[Opening Available data section]
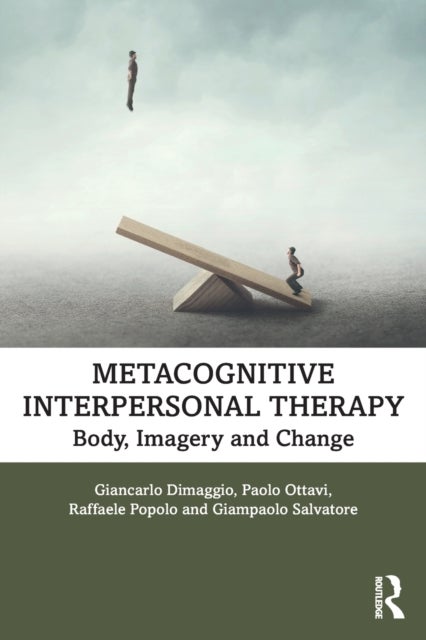Metacognitive Interpersonal Therapy - Body, Imagery and Change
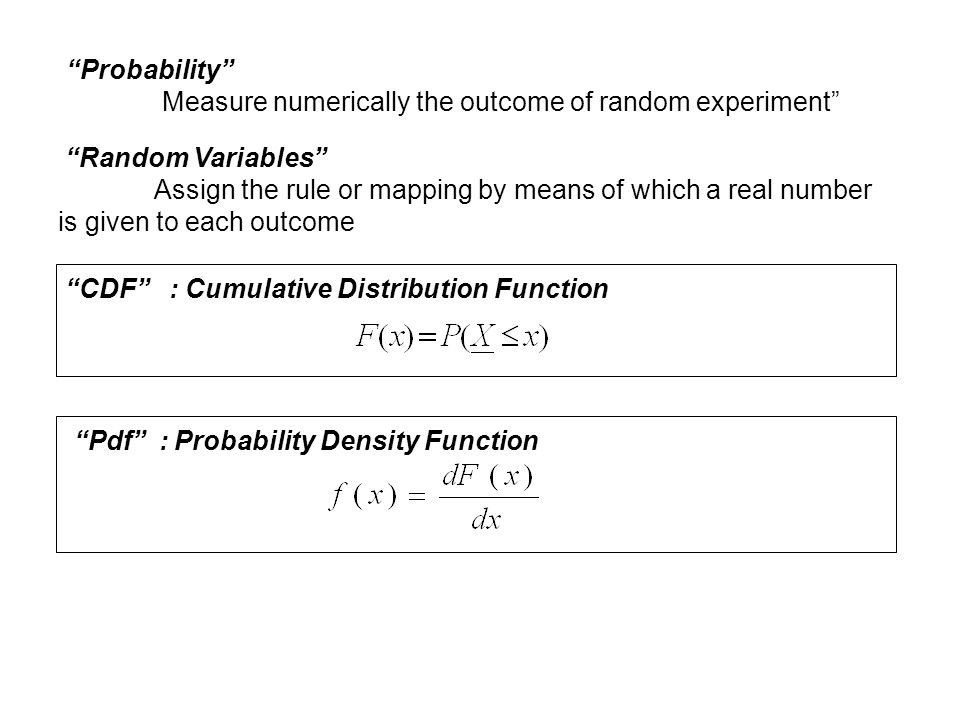 Probability Measure numerically the outcome of random experiment Random Variables Assign the rule or mapping by means of which a real number.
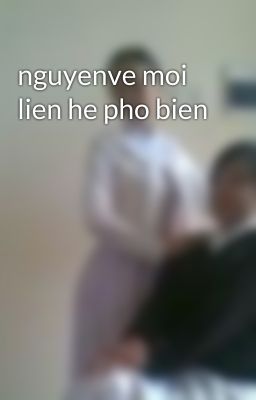 nguyenve moi lien he pho bien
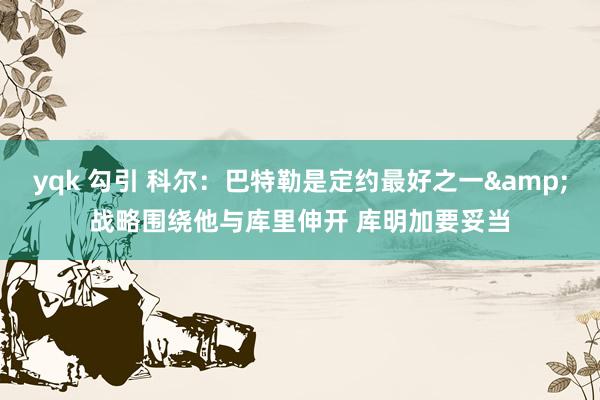 yqk 勾引 科尔：巴特勒是定约最好之一&战略围绕他与库里伸开 库明加要妥当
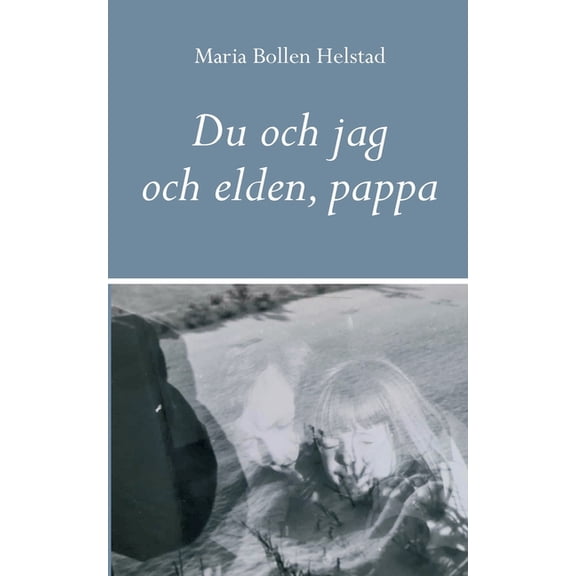 Du och jag och elden, pappa, (Paperback)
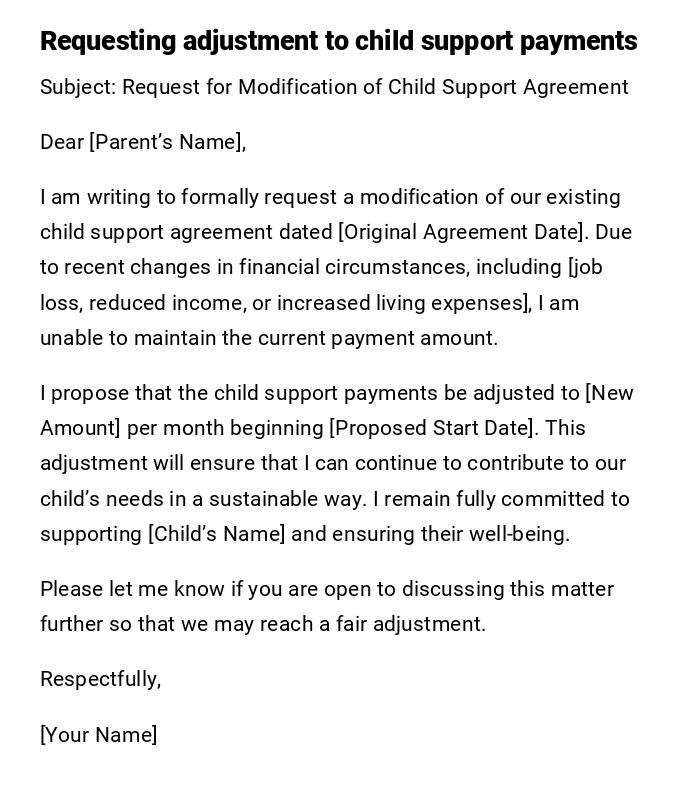 Requesting adjustment to child support payments Requesting adjustment to child support payments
[Closing Available data section]
Your copy should run from the line that has "Du och jag och elden, pappa, (Paperback)" through the last line above, exactly, with both ends in and pictures out.

 Du och jag och elden, pappa, (Paperback)
 Requesting adjustment to child support payments Requesting adjustment to child support payments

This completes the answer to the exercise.